- _Task item_
Your job is to retype all of the data word for word, leaving every image out.

== Data for processing ==

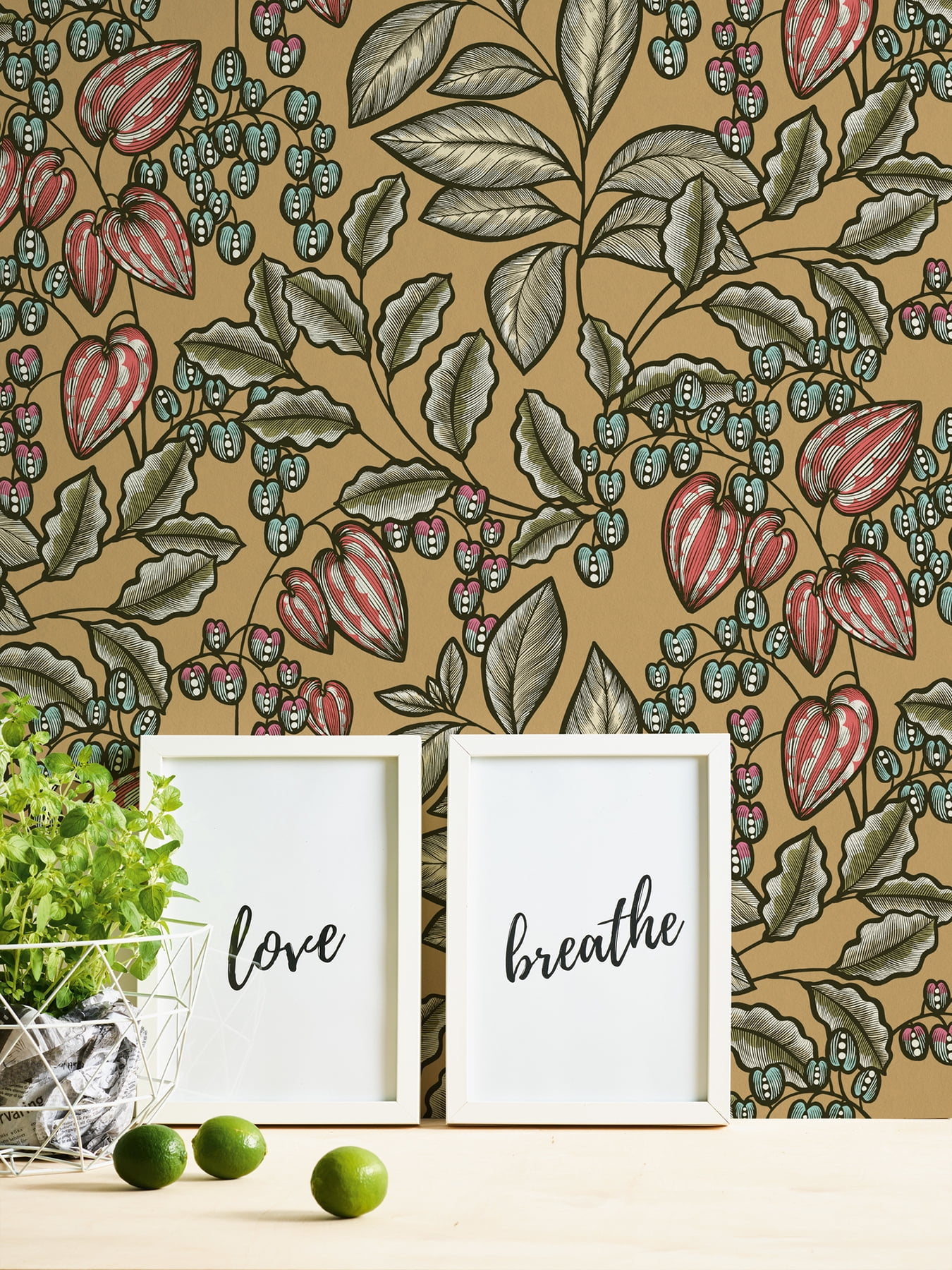 AS Creation Leif Mustard Vine Trail Wallpaper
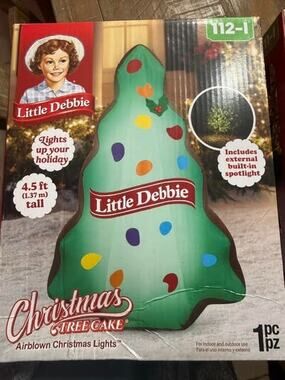 Little Debbie GREEN Christmas Tree Cake 4.5 Ft Airblown Inflatable Lighted 112-1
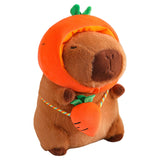 Cute Capybara Stuffed Animal Collectible Capybara Plush Toy for Gifts Family carrot 28cm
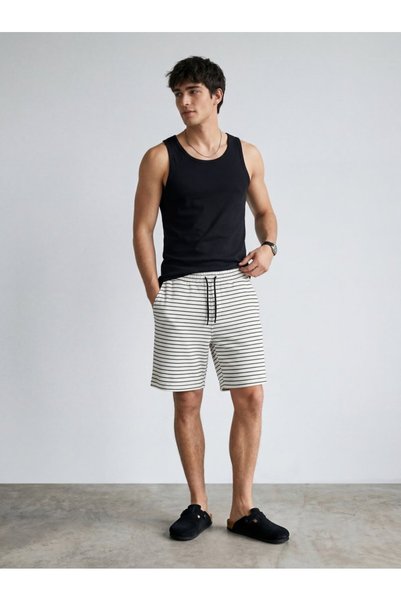 Jacquard Striped Knitted White Shorts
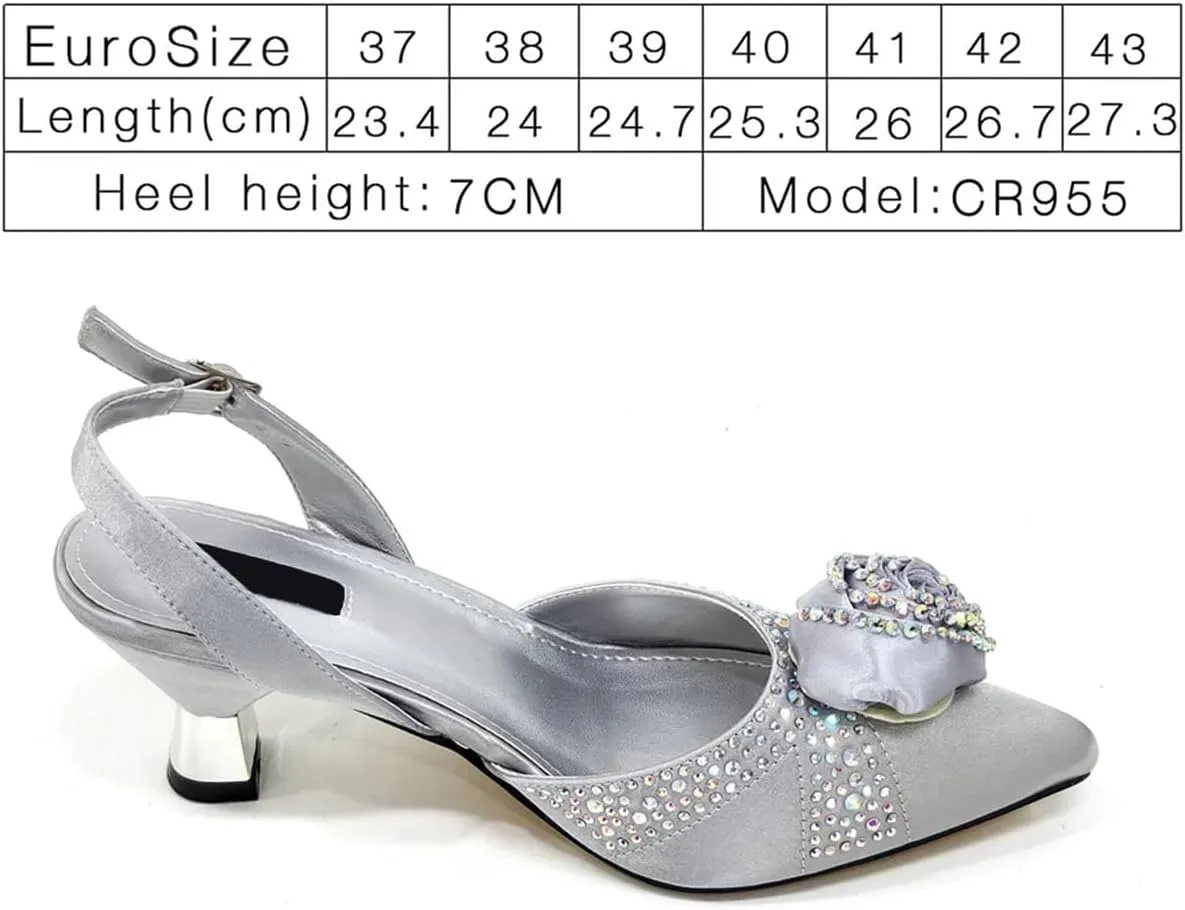 Womens Nigerian Designer Inspired Wedding Shoes and Shoulder Bag Combo Rhinestone Embellished Heels for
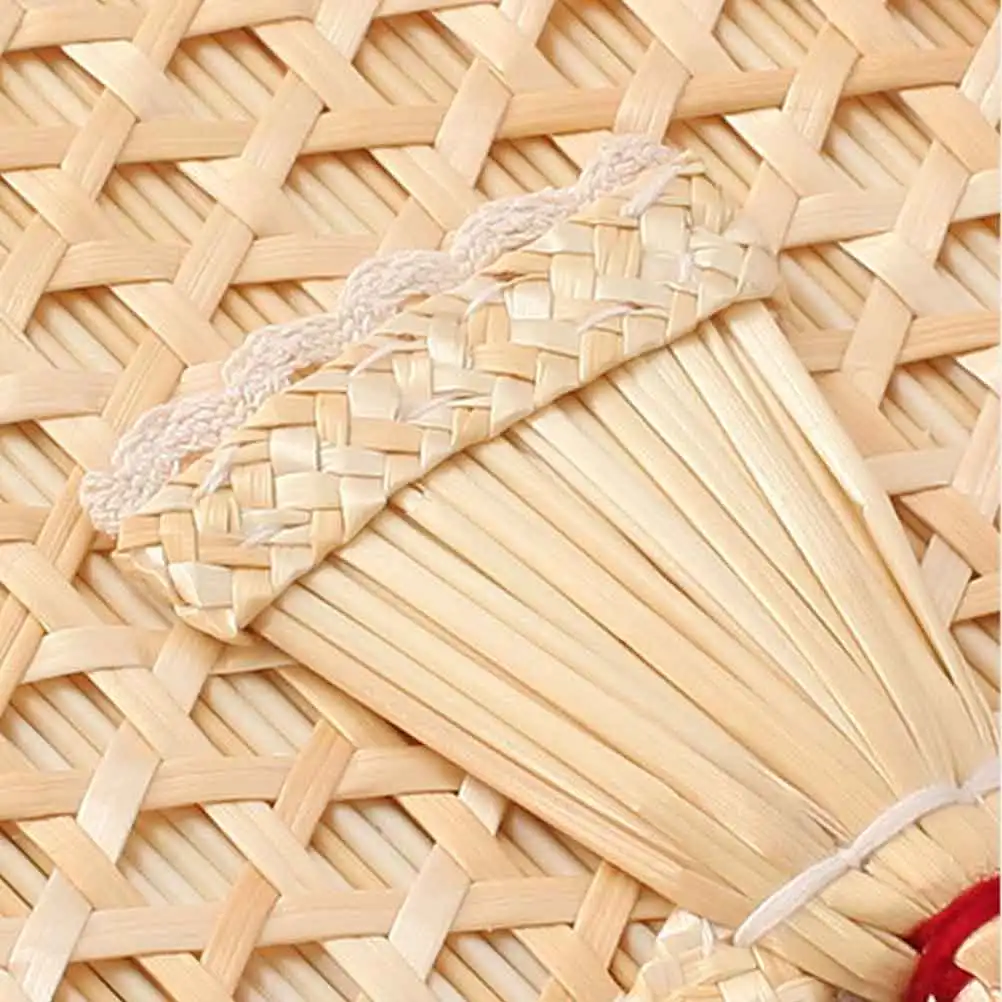 

Braided Cattail Fan H made Knitted Cooling Summer Accessories Palm Leaf Portable Elegant Beach Party Lightweight Soft Natural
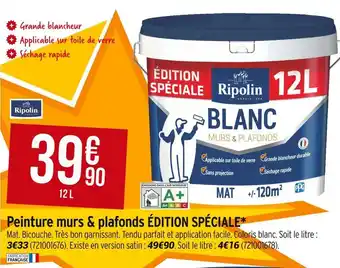Bricorama Ripolin peinture murs & plafonds édition spéciale* offre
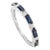 Blue Sapphire and Diamond Dainty Band Ring in 18k White Gold Ring Size 11 For Sale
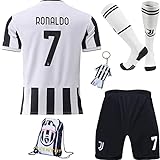 BlackAzat 2021/2022 Juve Heim Ronaldo #7 Fußball Kinder Trikot Shorts Socken Set Jugendgrößen (Weiß,30)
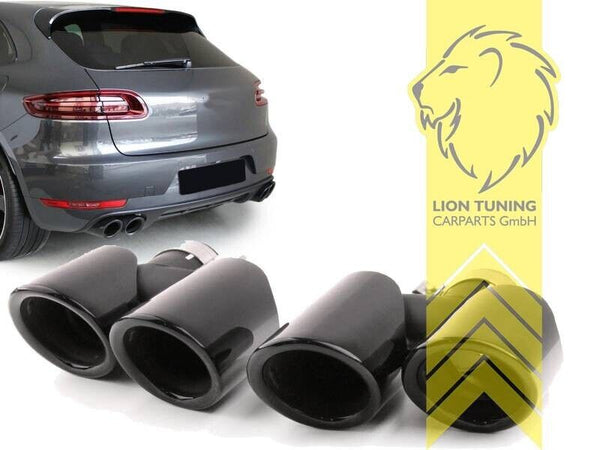 LT Stainless tailpipes exhaust dual covers trims Porsche Macan 95B 14-17 black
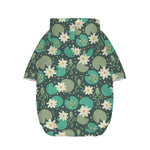 Frogs And Water Lilies Pattern Print Dog Zip Up Hoodie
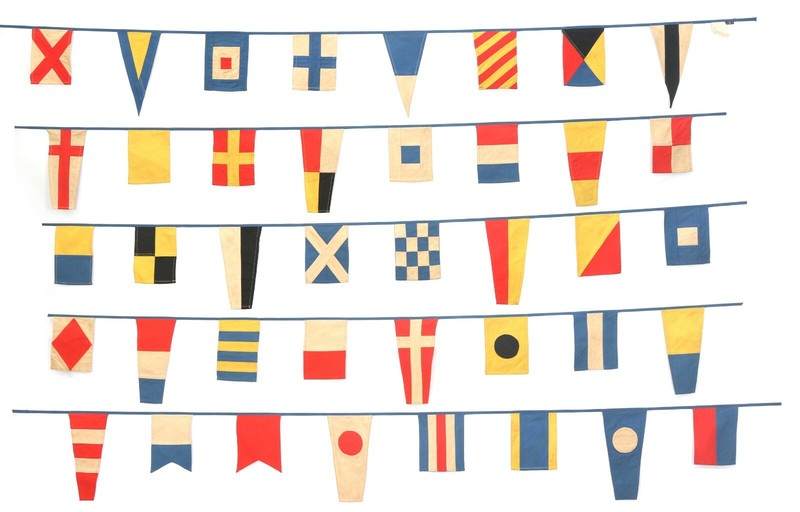 Nautical Code Bunting Huge 100% Sewn Cotton Banner 40 Flags (12.5 Meters Long) gallery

===

- _Answer to this exercise_
 AS Creation Leif Mustard Vine Trail Wallpaper
 Little Debbie GREEN Christmas Tree Cake 4.5 Ft Airblown Inflatable Lighted 112-1
 Cute Capybara Stuffed Animal Collectible Capybara Plush Toy for Gifts Family carrot 28cm
 Jacquard Striped Knitted White Shorts
 Womens Nigerian Designer Inspired Wedding Shoes and Shoulder Bag Combo Rhinestone Embellished Heels for

Braided Cattail Fan H made Knitted Cooling Summer Accessories Palm Leaf Portable Elegant Beach Party Lightweight Soft Natural
Bricorama Ripolin peinture murs & plafonds édition spéciale* offre
 Blue Sapphire and Diamond Dainty Band Ring in 18k White Gold Ring Size 11 For Sale
 BlackAzat 2021/2022 Juve Heim Ronaldo #7 Fußball Kinder Trikot Shorts Socken Set Jugendgrößen (Weiß,30)
 LT Stainless tailpipes exhaust dual covers trims Porsche Macan 95B 14-17 black
 Frogs And Water Lilies Pattern Print Dog Zip Up Hoodie
 Nautical Code Bunting Huge 100% Sewn Cotton Banner 40 Flags (12.5 Meters Long) gallery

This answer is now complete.